*Problem requirements:* Look through the entries below and return all lines including the word "Round".

Segment Start: Input records

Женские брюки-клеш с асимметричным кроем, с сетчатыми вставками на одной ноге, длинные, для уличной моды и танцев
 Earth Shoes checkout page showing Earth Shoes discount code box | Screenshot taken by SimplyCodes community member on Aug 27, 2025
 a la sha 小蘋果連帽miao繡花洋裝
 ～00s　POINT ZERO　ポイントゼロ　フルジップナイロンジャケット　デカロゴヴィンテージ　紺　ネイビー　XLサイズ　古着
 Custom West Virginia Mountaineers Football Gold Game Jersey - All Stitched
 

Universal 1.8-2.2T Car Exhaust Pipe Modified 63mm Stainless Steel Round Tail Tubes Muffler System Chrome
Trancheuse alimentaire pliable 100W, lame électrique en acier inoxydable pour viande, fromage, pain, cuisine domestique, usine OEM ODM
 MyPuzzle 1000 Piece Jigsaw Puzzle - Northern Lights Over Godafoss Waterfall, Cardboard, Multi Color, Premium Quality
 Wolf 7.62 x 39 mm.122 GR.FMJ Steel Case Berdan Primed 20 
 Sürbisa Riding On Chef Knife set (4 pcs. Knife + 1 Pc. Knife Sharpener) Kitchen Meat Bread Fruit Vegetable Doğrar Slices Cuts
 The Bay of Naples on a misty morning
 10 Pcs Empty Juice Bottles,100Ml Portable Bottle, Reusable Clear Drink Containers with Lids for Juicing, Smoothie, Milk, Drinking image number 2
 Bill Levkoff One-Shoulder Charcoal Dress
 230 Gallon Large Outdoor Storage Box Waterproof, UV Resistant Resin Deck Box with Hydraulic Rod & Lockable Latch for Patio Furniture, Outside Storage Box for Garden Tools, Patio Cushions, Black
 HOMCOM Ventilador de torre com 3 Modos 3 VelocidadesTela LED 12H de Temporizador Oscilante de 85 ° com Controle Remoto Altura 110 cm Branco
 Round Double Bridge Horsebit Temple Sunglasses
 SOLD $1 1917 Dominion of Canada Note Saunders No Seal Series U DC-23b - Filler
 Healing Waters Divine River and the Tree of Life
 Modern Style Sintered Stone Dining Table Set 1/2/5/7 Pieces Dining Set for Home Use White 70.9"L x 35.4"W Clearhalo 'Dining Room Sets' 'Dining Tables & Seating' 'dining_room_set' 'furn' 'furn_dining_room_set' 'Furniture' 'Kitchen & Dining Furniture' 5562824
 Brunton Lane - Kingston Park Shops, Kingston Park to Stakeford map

Segment End: Input records

*Result of the task:*
Universal 1.8-2.2T Car Exhaust Pipe Modified 63mm Stainless Steel Round Tail Tubes Muffler System Chrome
 Round Double Bridge Horsebit Temple Sunglasses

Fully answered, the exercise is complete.